I am new to python. So please excuse me if I am not asking the questions in pythonic way.

My requirements are as follows:

  1. I need to write python code to implement this requirement.

  2. Will be reading 60 json files as input. Each file is approximately 150 GB.

  3. Sample structure for all 60 json files is as shown below. Please note each file will have only ONE json object. And the huge size of each file is because of the number and size of the "array_element" array contained in that one huge json object.

    { "string_1":"abc", "string_1":"abc", "string_1":"abc", "string_1":"abc", "string_1":"abc", "string_1":"abc", "array_element":[] }

  4. Transformation logic is simple. I need to merge all the array_element from all 60 files and write it into one HUGE json file. That is almost 150GB X 60 will be the size of the output json file.

Questions for which I am requesting your help on:

  1. For reading: Planning on using "ijson" module's ijson.items(file_object, "array_element"). Could you please tell me if ijson.items will "Yield" (that is NOT load the entire file into memory) one item at a time from "array_element" array in the json file? I dont think json.load is an option here because we cannot hold such a huge dictionalry in-memory.

  2. For writing: I am planning to read each item using ijson.item, and do json.dumps to "encode" and then write it to the file using file_object.write and NOT using json.dump since I cannot have such a huge dictionary in memory to use json.dump. Could you please let me know if f.flush() applied in the code shown below is needed? To my understanding, the internal buffer will automatically get flushed by itself when it is full and the size of the internal buffer is constant and wont dynamically grow to an extent that it will overload the memory? please let me know

  3. Are there any better approach to the ones mentioned above for incrementally reading and writing huge json files?
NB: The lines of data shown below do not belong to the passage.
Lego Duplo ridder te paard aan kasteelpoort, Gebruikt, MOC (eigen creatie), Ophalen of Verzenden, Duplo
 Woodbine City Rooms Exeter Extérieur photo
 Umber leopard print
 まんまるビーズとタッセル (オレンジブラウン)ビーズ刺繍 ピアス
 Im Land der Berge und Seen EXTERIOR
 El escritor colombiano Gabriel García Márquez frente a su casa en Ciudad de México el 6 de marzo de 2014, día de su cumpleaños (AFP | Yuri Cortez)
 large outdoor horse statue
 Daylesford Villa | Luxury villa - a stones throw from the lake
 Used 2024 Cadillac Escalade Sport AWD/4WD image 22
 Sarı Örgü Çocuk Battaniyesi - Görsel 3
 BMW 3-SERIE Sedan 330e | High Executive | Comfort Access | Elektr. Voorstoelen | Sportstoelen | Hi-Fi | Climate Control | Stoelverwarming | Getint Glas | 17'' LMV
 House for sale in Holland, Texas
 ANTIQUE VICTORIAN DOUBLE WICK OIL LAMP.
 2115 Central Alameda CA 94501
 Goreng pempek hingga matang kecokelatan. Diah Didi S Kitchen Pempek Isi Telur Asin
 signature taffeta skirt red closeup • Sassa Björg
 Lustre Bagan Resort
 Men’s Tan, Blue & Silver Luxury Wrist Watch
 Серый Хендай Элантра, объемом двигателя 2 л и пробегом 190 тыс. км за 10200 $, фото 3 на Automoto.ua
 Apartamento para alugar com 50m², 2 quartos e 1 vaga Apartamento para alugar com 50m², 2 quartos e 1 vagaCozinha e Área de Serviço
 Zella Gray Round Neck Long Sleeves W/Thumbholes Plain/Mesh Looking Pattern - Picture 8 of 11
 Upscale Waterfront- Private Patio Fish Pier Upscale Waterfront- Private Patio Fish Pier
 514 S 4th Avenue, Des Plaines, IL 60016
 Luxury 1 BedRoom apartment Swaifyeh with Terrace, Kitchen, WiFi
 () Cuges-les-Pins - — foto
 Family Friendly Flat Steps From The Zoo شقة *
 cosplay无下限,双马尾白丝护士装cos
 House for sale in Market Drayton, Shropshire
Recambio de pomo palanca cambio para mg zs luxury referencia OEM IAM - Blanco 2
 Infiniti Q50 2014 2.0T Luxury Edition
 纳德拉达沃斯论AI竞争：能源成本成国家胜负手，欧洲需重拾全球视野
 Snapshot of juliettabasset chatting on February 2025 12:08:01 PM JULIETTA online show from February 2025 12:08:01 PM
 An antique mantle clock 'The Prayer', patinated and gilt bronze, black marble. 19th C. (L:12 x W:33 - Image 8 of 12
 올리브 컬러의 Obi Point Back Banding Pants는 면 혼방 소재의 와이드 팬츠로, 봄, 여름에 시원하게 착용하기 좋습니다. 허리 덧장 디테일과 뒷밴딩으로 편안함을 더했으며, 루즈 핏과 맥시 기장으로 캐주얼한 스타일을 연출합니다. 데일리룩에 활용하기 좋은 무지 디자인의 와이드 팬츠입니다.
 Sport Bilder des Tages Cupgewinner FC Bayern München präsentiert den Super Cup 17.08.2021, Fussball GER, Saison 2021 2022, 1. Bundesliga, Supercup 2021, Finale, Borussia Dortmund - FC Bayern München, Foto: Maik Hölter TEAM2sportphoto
Code snippet showing above described reading and writing logic:

for input_file in input_files:
    with open("input_file.json", "r") as f:
         objects = ijson.items(f, "array_element")
         for item in objects:
              str = json.dumps(item, indent=2)
              with open("output.json", "a") as f:
                   f.write(str)
                   f.write(",\n")
                   f.flush()
    with open("output.json", "a") as f:
        f.seek(0,2)
        f.truncate(f.tell() - 1)
        f.write("]\n}")

Hope I have asked my questions clearly. Thanks in advance!!

skp
  • 43
  • 5
  • Regarding 1., just try it. Regarding 2., the `flush` is not necessary. The file will be closed at the end of the `with` block and thus all Python buffers are flushed. Regarding 3., you have not specified, what "better" means. Answers will be subjective, see [Subjective question on Stack Overflow](https://meta.stackexchange.com/questions/28559/). – H. Rittich Oct 19 '21 at 16:29

1 Answers1

1

The following program assumes that the input files have a format that is predictable enough to skip JSON parsing for the sake of performance.

My assumptions, inferred from your description, are:

  • All files have the same encoding.
  • All files have a single position somewhere at the start where "array_element":[ can be found, after which the "interesting portion" of the file begins
  • All files have a single position somewhere at the end where ]} marks the end of the "interesting portion"
  • All "interesting portions" can be joined with commas and still be valid JSON

When all of these points are true, concatenating a predefined header fragment, the respective file ranges, and a footer fragment would produce one large, valid JSON file.

import re
import mmap

head_pattern = re.compile(br'"array_element"\s*:\s*\[\s*', re.S)
tail_pattern = re.compile(br'\s*\]\s*\}\s*$', re.S)

input_files = ['sample1.json', 'sample2.json']

with open('result.json', "wb") as result:
    head_bytes = 500
    tail_bytes = 50
    chunk_bytes = 16 * 1024

    result.write(b'{"JSON": "fragment", "array_element": [\n')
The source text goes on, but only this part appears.